1.2 Le recours peut être interjeté pour violation du droit, tel qu'il est
délimité par les art. 95 et 96 LTF. Le Tribunal fédéral applique le droit
d'office (art. 106 al. 1 LTF). Il n'est donc limité ni par les arguments
soulevés dans le recours, ni par la motivation retenue par l'autorité
précédente; il peut admettre un recours pour un autre motif que ceux qui ont
été invoqués et il peut rejeter un recours en adoptant une argumentation
différente de celle de l'autorité précédente (ATF 134 III 102 consid. 1.1 p.
104).

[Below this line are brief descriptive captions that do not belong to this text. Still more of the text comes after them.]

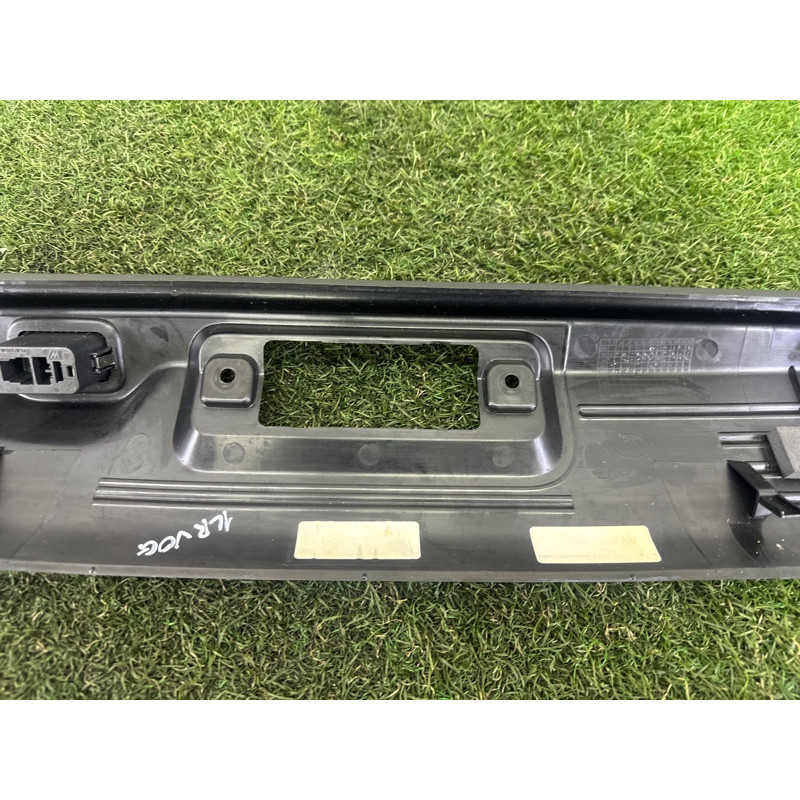 Обшивка крышки багажника (салон) LAND ROVER Range Rover L405 2016 5.0 LR038140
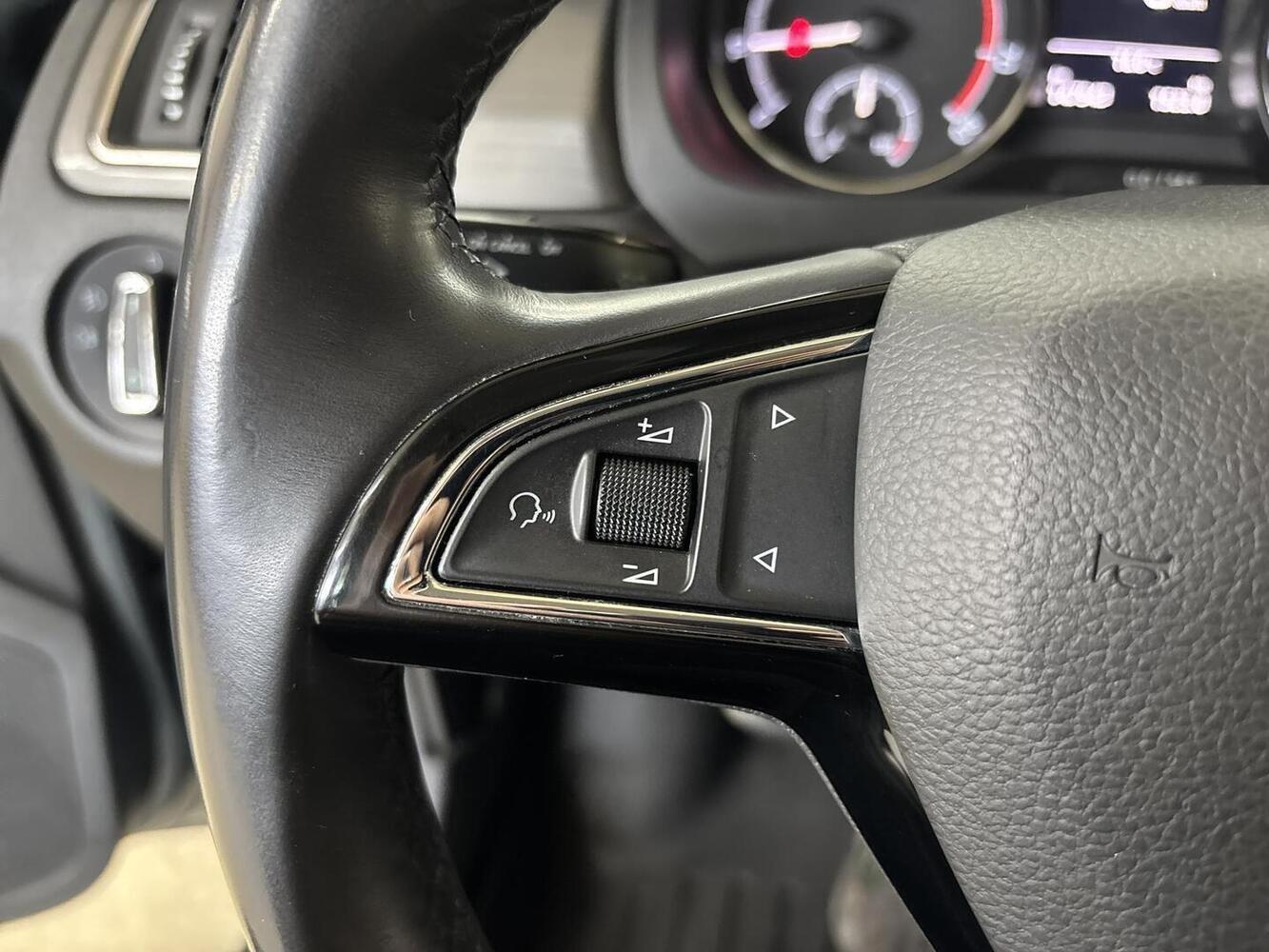 Skoda Rapid vaihtoauto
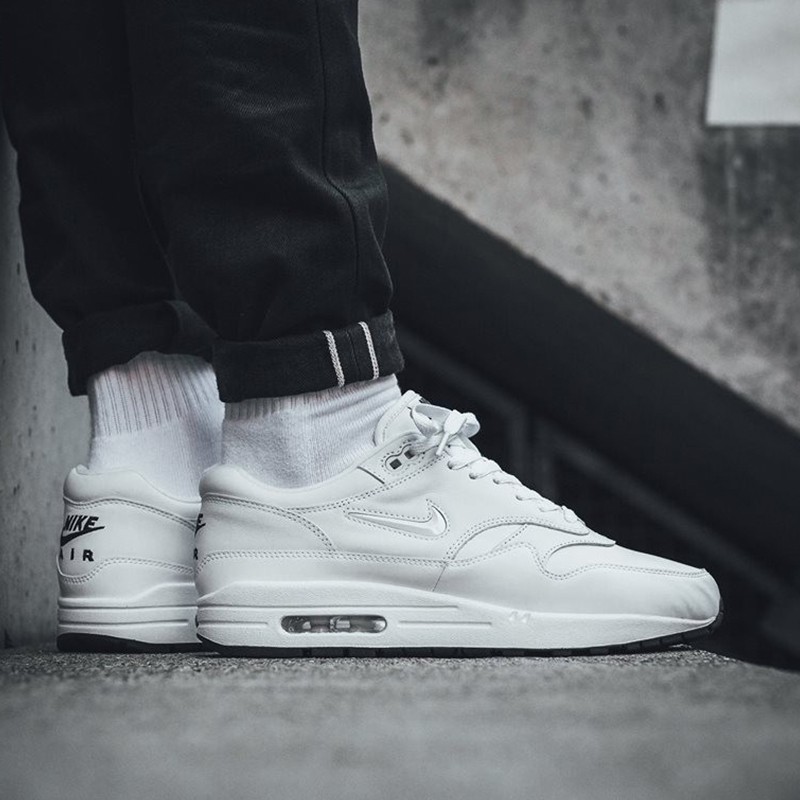 nike air max 1 sc jewel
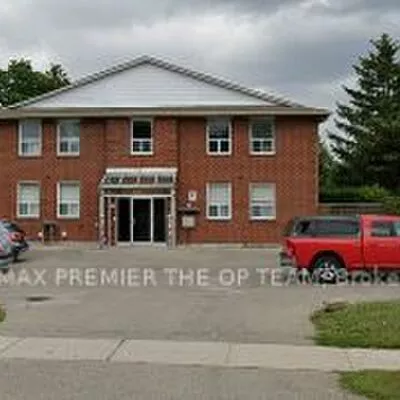 residential, lease, Fourplex, 80 Kennedy Rd N, Downtown Brampton, Brampton 
 80 Kennedy Rd N, Downtown Brampton, Brampton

Compte tenu de l'exigence de motivation contenue à l'art. 42 al. 1 et 2
LTF, sous peine d'irrecevabilité (art. 108 al. 1 let. b LTF), le Tribunal
fédéral n'examine en principe que les griefs invoqués; il n'est pas tenu de
traiter, comme le ferait une autorité de première instance, toutes les
questions juridiques qui se posent, lorsque celles-ci ne sont plus discutées
devant lui (ATF 134 III 102 consid. 1.1 p. 105). Il ne peut entrer en matière
sur la violation d'un droit constitutionnel ou sur une question relevant du
droit cantonal ou intercantonal que si le grief a été invoqué et motivé de
manière précise par le recourant (art. 106 al. 2 LTF).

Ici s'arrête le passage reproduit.